JAKARTA (Waspada.id): Wakil Ketua Komisi X DPR RI Lalu Hadrian Irfani mendorong agar pendidikan karakter yang ada di Pondok Pesantren (Ponpes) diadopsi sekolah umum. Kementerian Pendidikan Dasar dan Menengah (Kemendikdasmen) bahkan didorong memasukkan pendidikan karakter ke kurikulum pendidikan nasional.

Lalu menyampaikan hal itu dalam diskusi dialektika demokrasi bertajuk ‘Antara Tradisi dan Modernitas: Mampukah Pesantren Bertahan di Tengah Gempuran Globalisasi’ di Jakarta Kamis (16/10).

“Etika, adat moral, sopan santun, dan menghargai guru itu harus menjadi contoh dari pendidikan-pendidikan umum. Kami akan mendorong itu masuk ke kurikulum pendidikan nasional,” kata Lalu.

Menurut dia, ponpes merupakan tempat di mana nilai-nilai ke-Indonesiaan, yakni gotong royong, hormat kepada guru, dan ketulusan hati terus tumbuh dan hidup. Lalu bahkan menyebut bila bangsa sekarang perlu kembali belajar adab dari pesantren melalui kiai.

Bagi Legislator dari Fraksi PKB ini, ponpes merupakan tempat sakral yang masih mengajarkan keikhlasan di tengah modernitas. Lalu bahkan menyatakan bila menjaga muruah pesantren bukan sekadar membela satu lembaga tetapi menyembuhkan luka moral bangsa dan negara.

Dalam upaya merawat kehormatan ponpes, Lalu menegaskan Komisi X DPR RI bakal mempertegas posisi pendidikan pesantren dalam Revisi Undang-Undang Nomor 20 Tahun 2003. Perubahan payung hukum itu diperlukan agar negara betul-betul mengakui keberadaan hingga hak dari ponpes.

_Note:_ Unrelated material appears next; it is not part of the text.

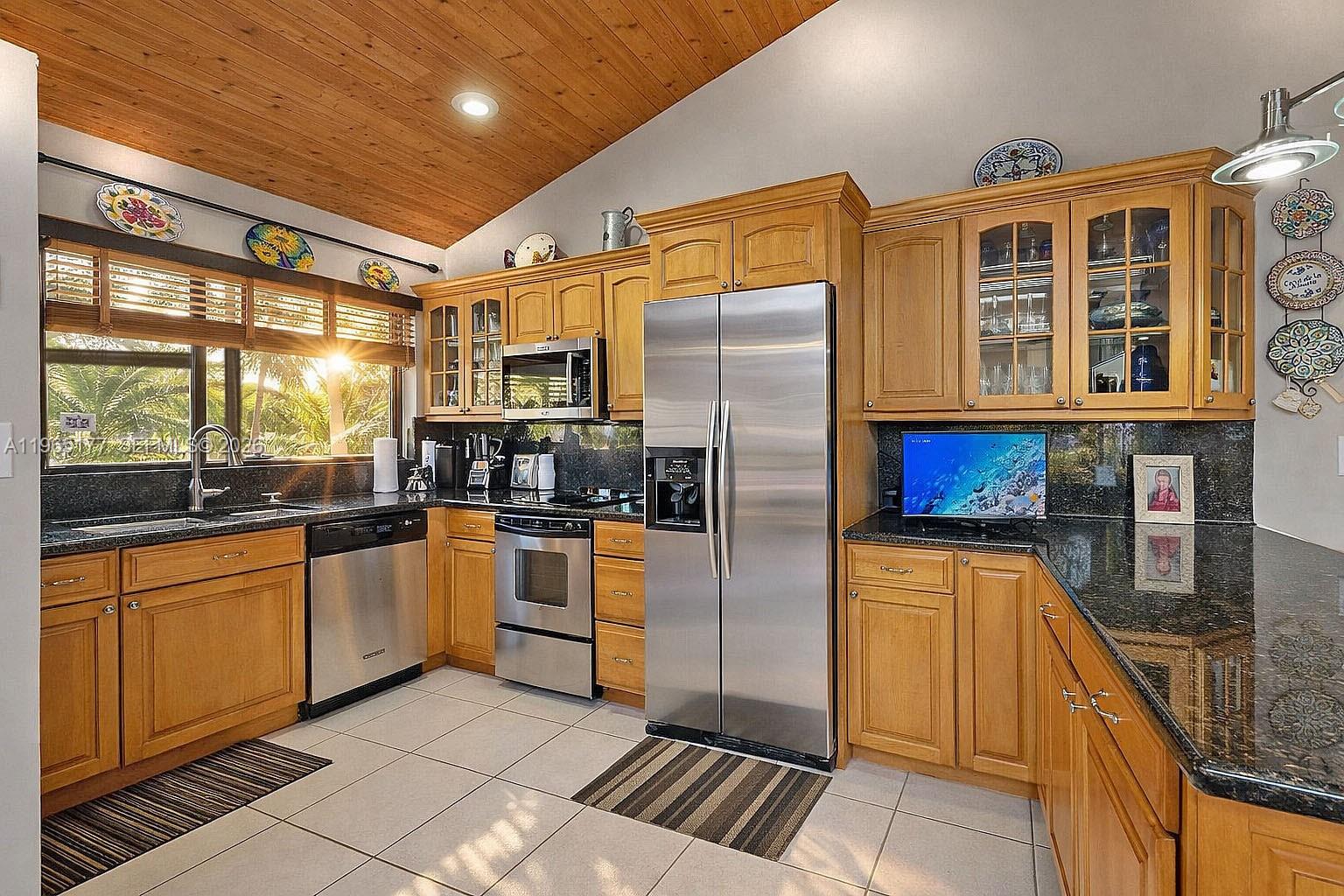 KENDALE COUNTRY CLUB ESTS - Residential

“Insyaallah kami akan memperjelas posisi pendidikan pesantren, agar apa agar betul-betul diakui oleh negara, hak-haknya disamakan dengan hak-hak dari pendidikan,” kata dia.

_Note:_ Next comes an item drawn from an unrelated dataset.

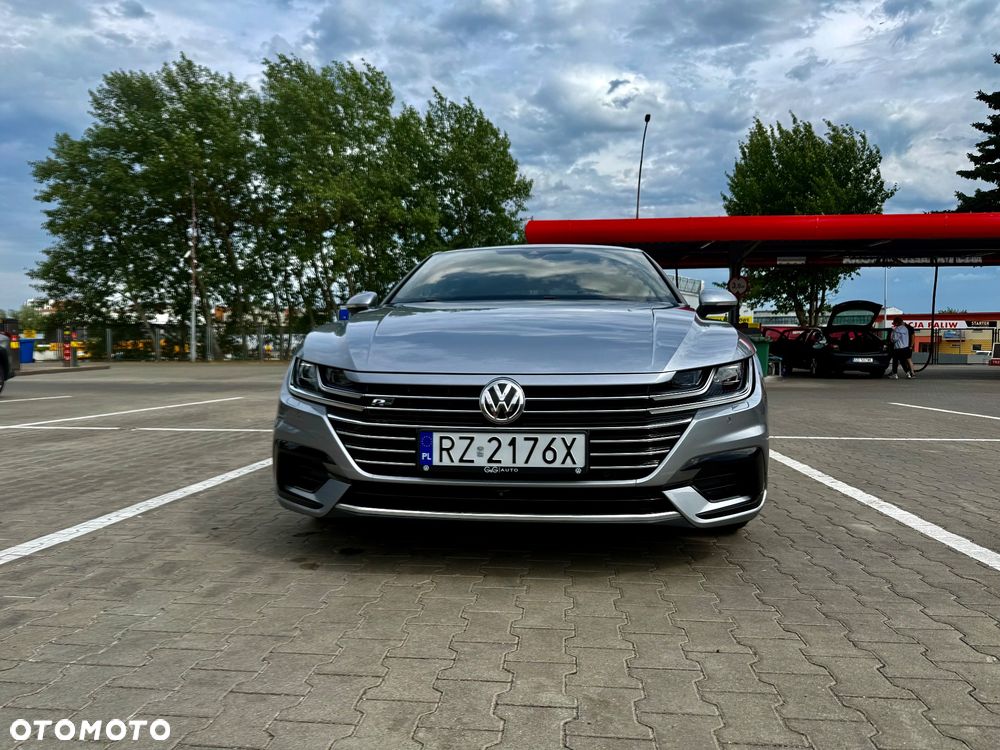 Volkswagen Arteon 2.0 TSI R-Line DSG - 2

                                                                              Soroti Tayangan Trans7

Dalam forum Diskusi, Anggota Komisi X DPR RI dari Fraksi Partai Kebangkitan Bangsa (PKB) Habib Syarief Muhammad menilai tayangan Trans7 yang menyorot kehidupan pesantren tidak menggambarkan realitas yang sebenarnya. Dia menyebut, laporan tersebut bersifat parsial dan gagal memahami nilai-nilai luhur yang menjadi dasar kehidupan pesantren di Indonesia.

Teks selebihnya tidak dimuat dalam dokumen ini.